**What is expected**.
From the records below, print only the part that opens with the line containing "Nouvelle échelle métrique" and closes with the line containing "Rainer Maria Rilke"; omit the pictures.

**Excerpted data**.
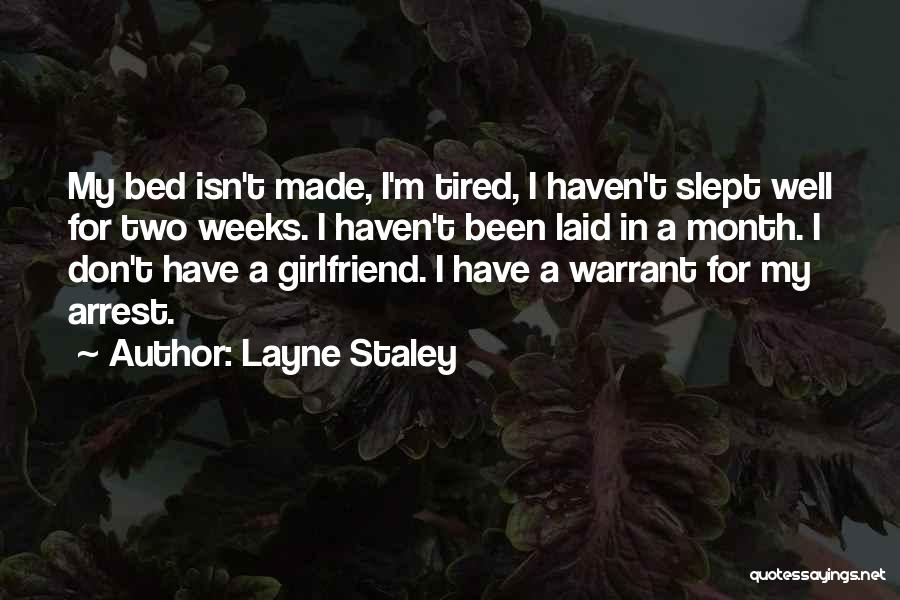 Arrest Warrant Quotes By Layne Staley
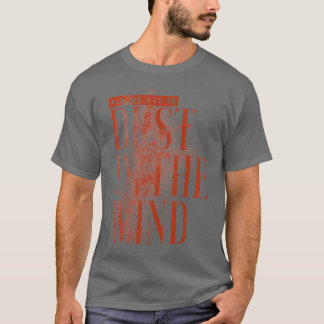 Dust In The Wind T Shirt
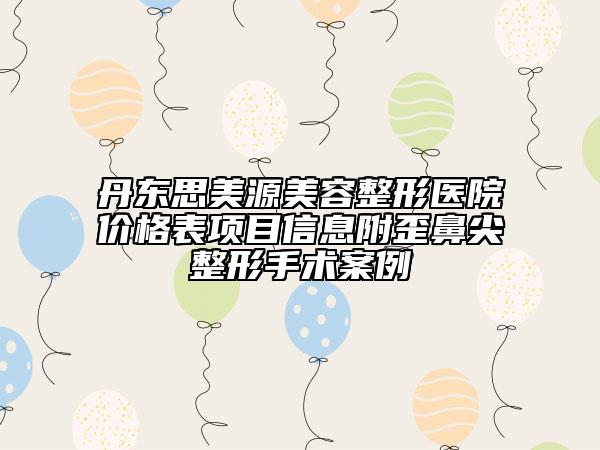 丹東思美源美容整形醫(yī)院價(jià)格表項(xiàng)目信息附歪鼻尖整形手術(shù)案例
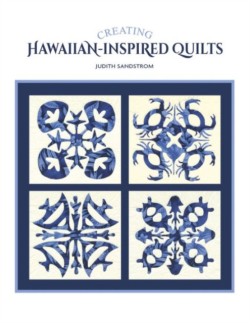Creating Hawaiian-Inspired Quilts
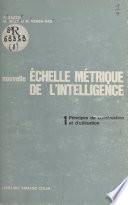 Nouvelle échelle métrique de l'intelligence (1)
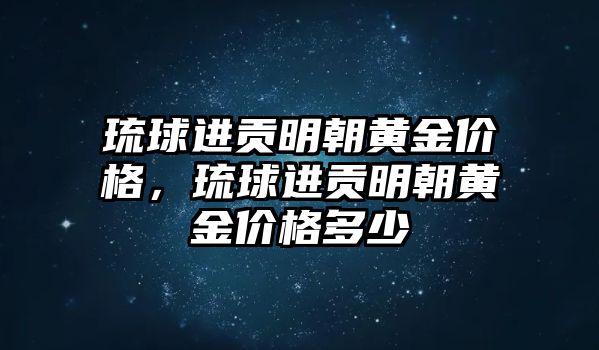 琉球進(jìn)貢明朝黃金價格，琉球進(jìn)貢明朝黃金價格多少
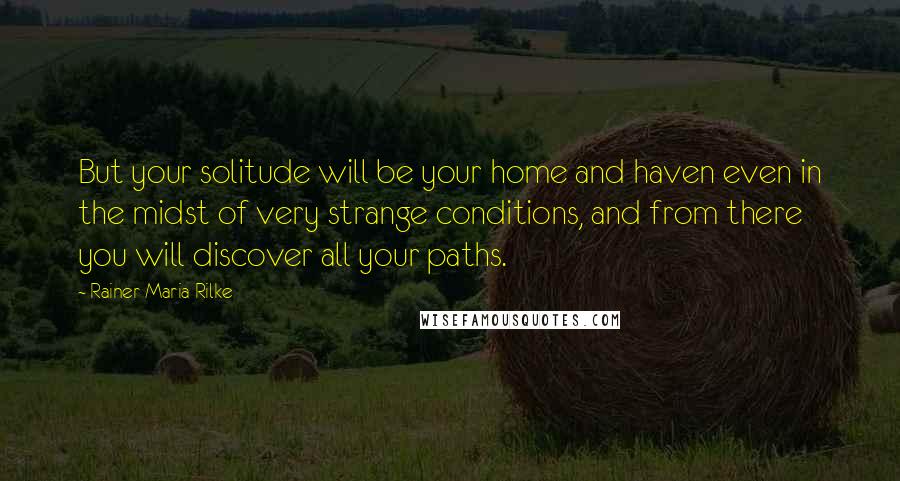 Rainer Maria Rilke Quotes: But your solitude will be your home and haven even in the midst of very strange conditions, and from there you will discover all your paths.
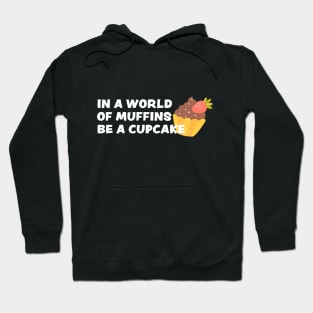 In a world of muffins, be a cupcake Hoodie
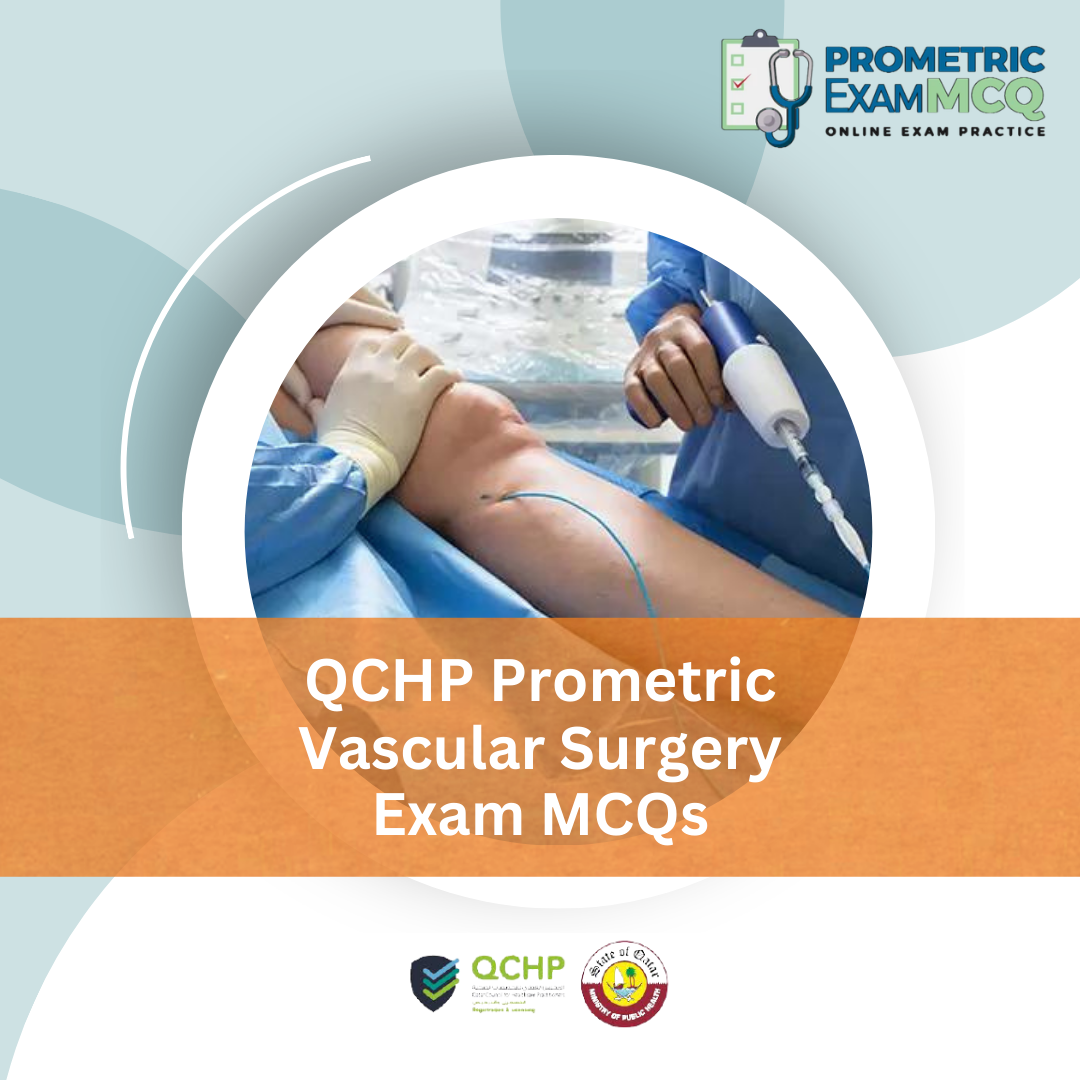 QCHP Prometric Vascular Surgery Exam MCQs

**Expected answer**.
 Nouvelle échelle métrique de l'intelligence (1)
 琉球進(jìn)貢明朝黃金價格，琉球進(jìn)貢明朝黃金價格多少
 Rainer Maria Rilke Quotes: But your solitude will be your home and haven even in the midst of very strange conditions, and from there you will discover all your paths.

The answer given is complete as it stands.